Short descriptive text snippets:
* * * * * * * * *

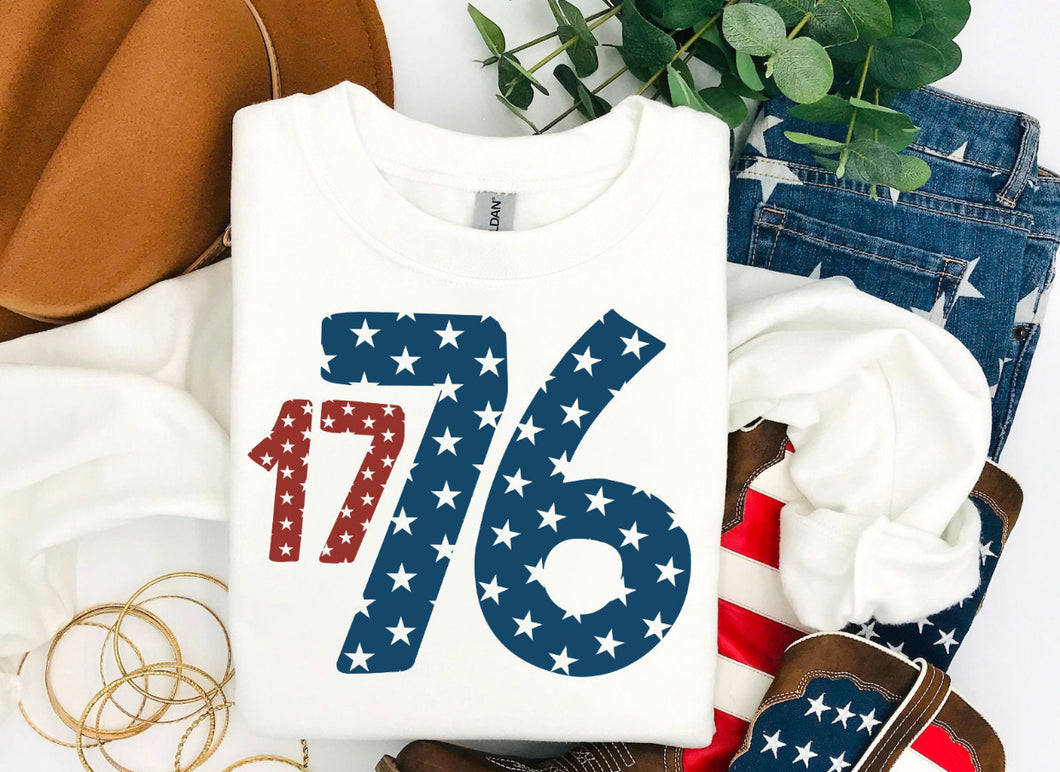 1776 - Red White & Blue - Design 1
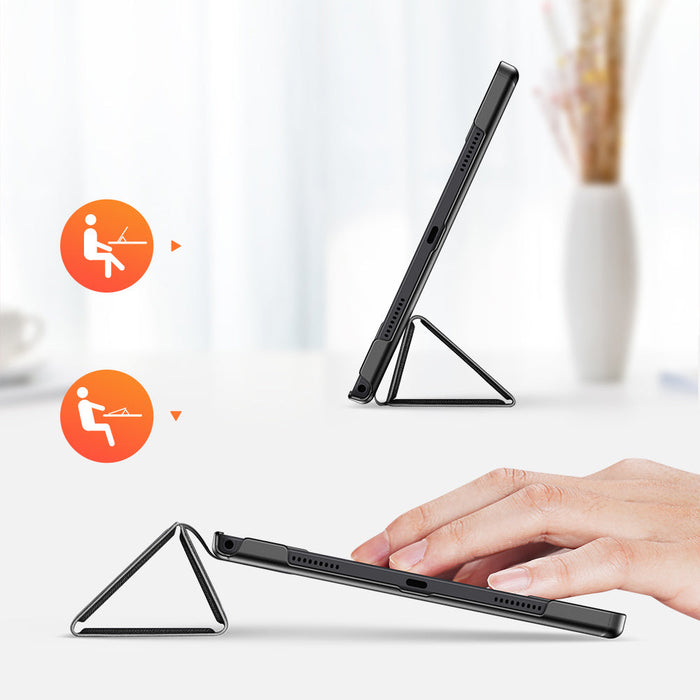Dux Ducis Domo Foldable Cover Tablet Case with Smart Sleep Function Stand Samsung Galaxy Tab A8 10.5’’ 2021 Black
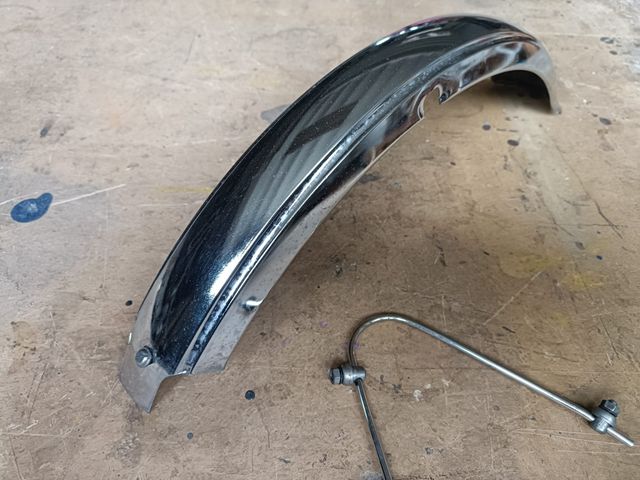 Guardabarros Motoretta GAC infantil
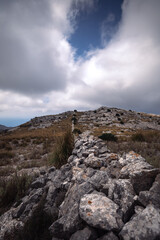 Fototapeta na wymiar Berge von Mallorca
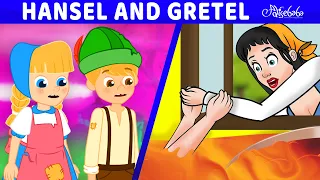 Hansel and Gretel + Sweet Porridge | Bedtime Stories for Kids in English | Fairy Tales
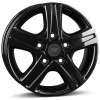 Janta aliaj Borbet CWD 6.0x15 5x118 ET68 BG - Black Glossy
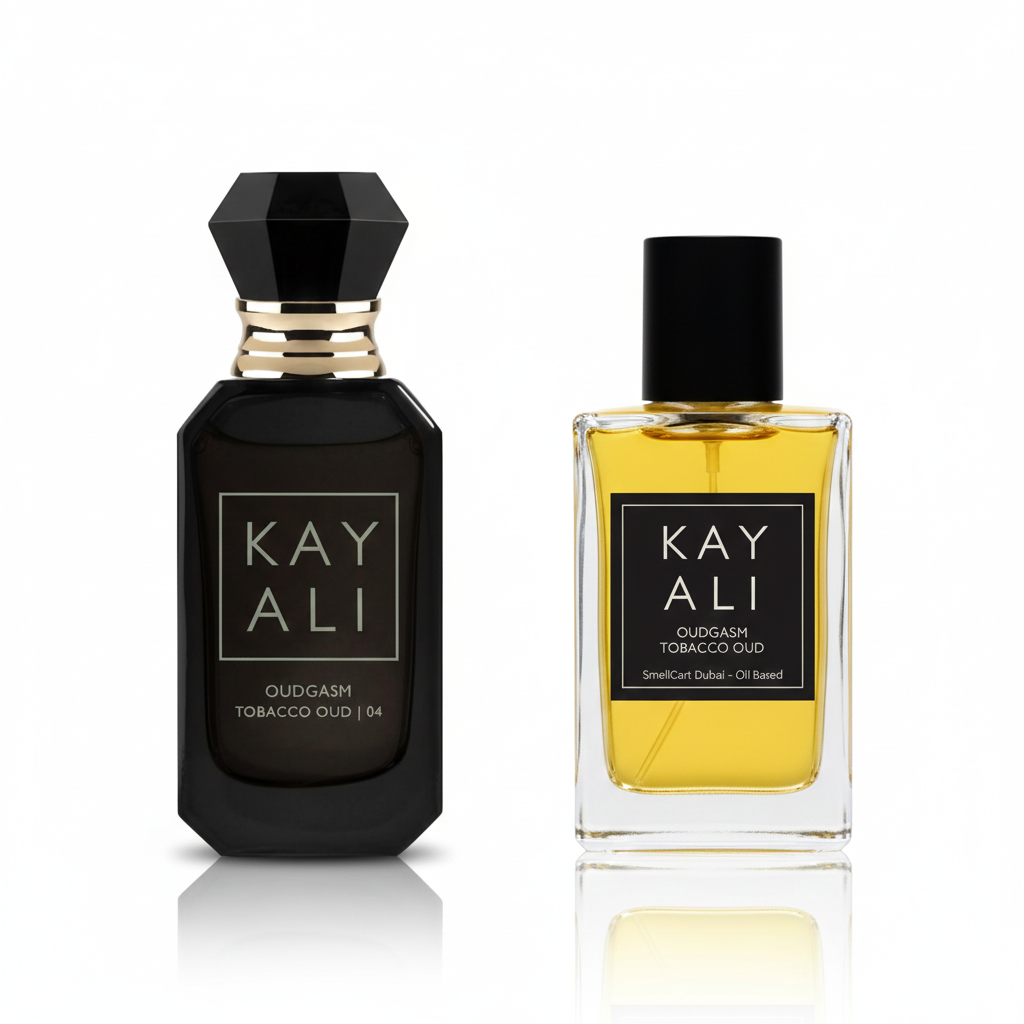 SmellCart Dubai: Oudgasm Tobacco Oud | 04 - Original & Intense Oil Duo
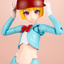KOTOBUKIYA BUSTER DOLL KNIGHT Alice with Honda AB12 MOTOCOMPO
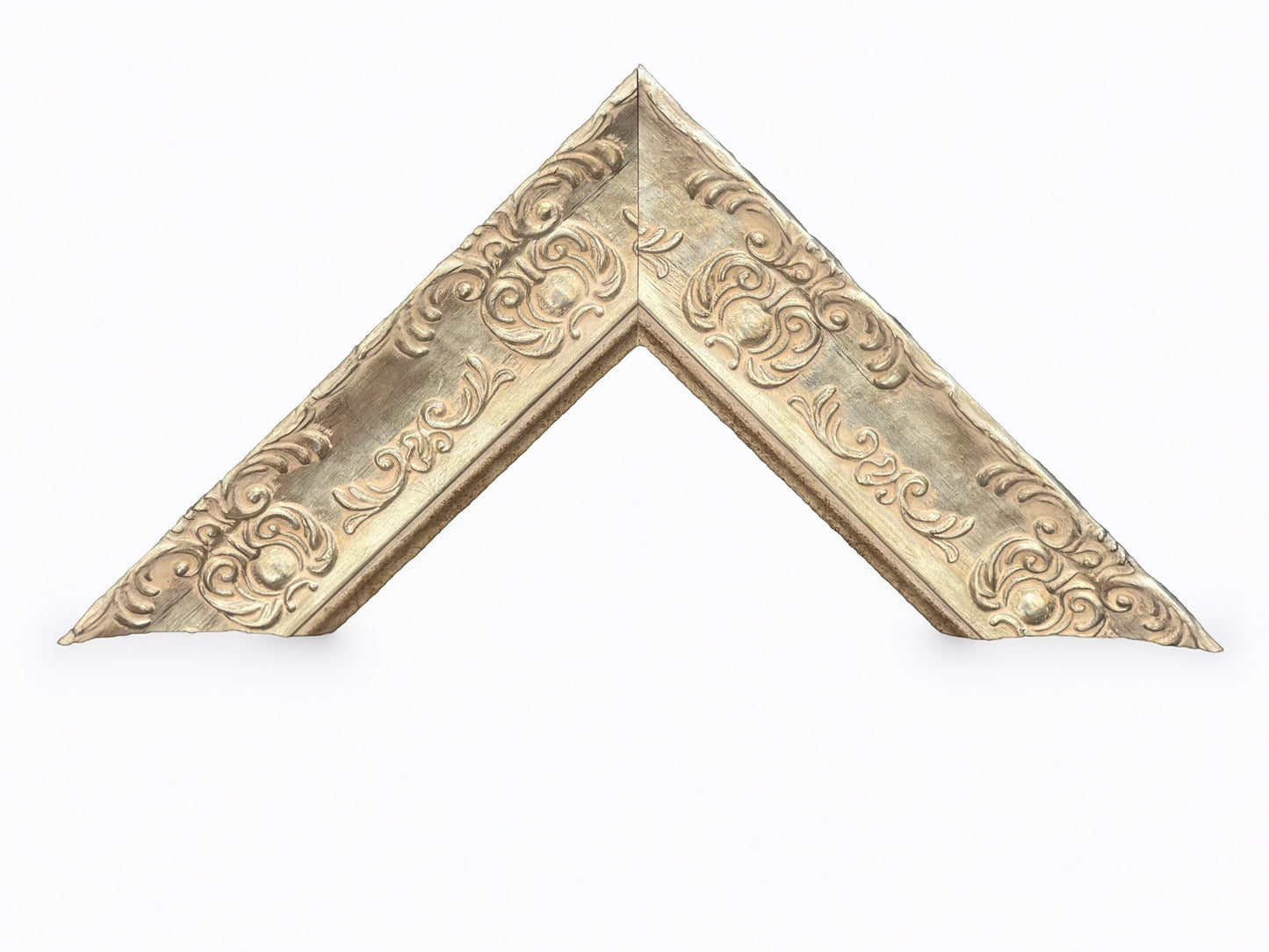 Venice Ornate Shabby Chic Antique Style Picture Frame Champagne Silver A1/A2/A3/A4/A5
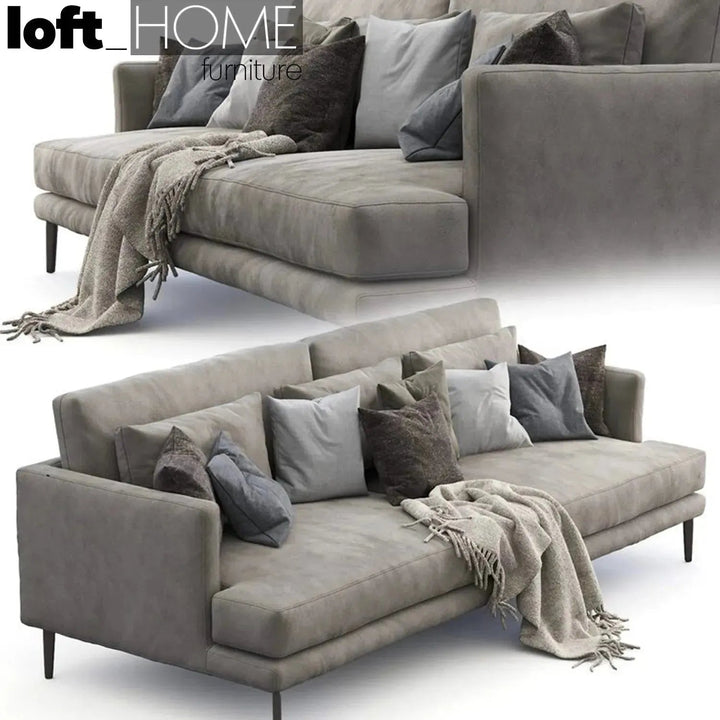 Modern Fabric 2 Seater Sofa WILLIAM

* * * * * * * * *

* **Task prompt**: Reproduce exactly, and only, the lines from the one holding "Fototapeta na wymiar Berge von Mallorca" through the final line of the entries. Do not include the pictures.

* **Problem solution**:
 Fototapeta na wymiar Berge von Mallorca
 Hansel and Gretel + Sweet Porridge | Bedtime Stories for Kids in English | Fairy Tales
 Janta aliaj Borbet CWD 6.0x15 5x118 ET68 BG - Black Glossy
 SmellCart Dubai: Oudgasm Tobacco Oud | 04 - Original & Intense Oil Duo
KOTOBUKIYA BUSTER DOLL KNIGHT Alice with Honda AB12 MOTOCOMPO
 Venice Ornate Shabby Chic Antique Style Picture Frame Champagne Silver A1/A2/A3/A4/A5
 Modern Fabric 2 Seater Sofa WILLIAM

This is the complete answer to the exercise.